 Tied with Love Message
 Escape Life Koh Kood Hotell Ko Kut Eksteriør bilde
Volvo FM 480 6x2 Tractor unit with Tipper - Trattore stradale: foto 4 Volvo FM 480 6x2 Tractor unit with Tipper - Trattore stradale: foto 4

* * *

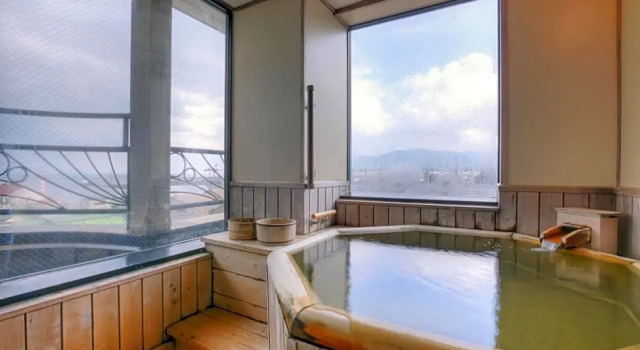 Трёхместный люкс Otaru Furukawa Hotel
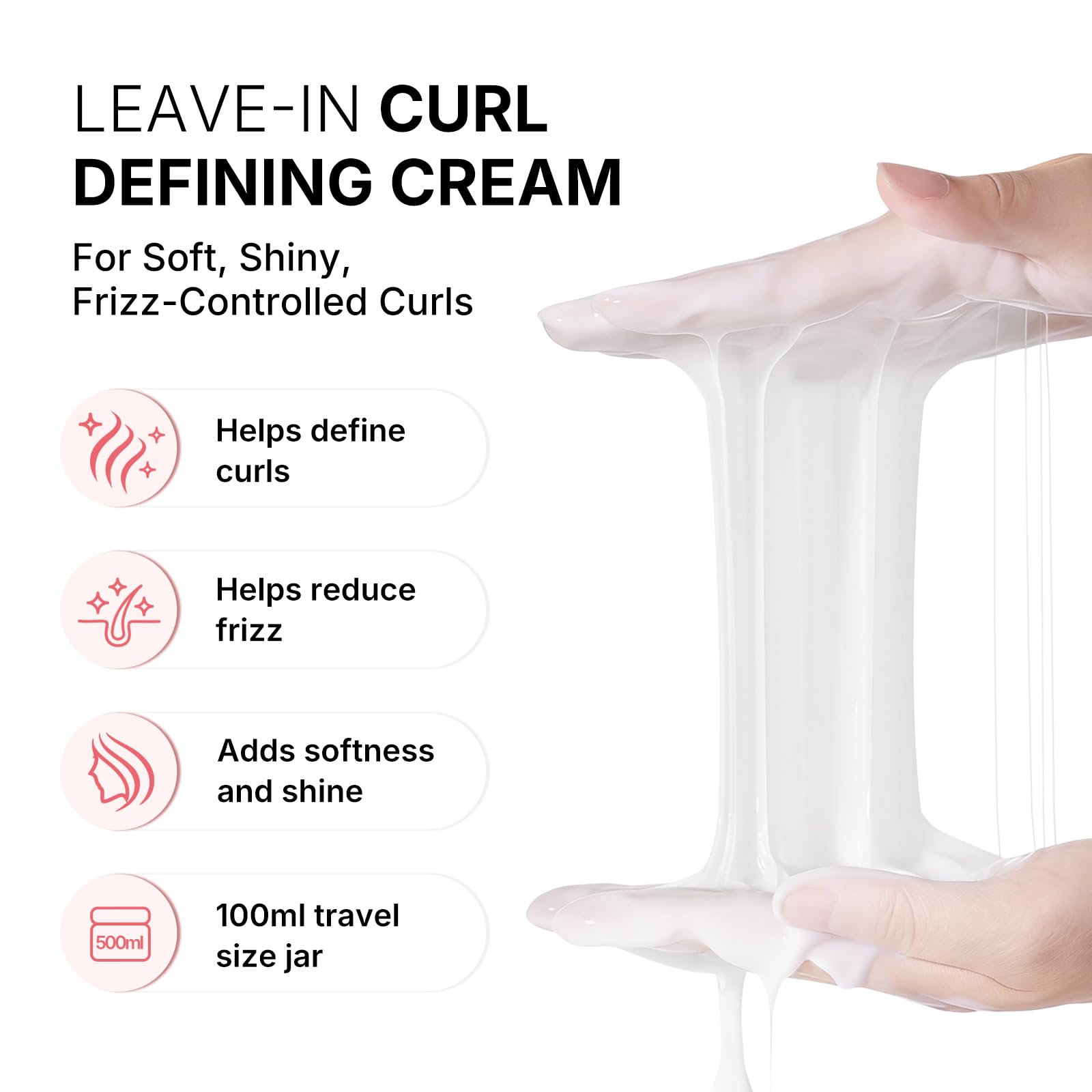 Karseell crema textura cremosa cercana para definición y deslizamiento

Task goal >>
Which lines in the material above include the string "with"? Pull them out.

Solved problem >>
 Tied with Love Message
Volvo FM 480 6x2 Tractor unit with Tipper - Trattore stradale: foto 4 Volvo FM 480 6x2 Tractor unit with Tipper - Trattore stradale: foto 4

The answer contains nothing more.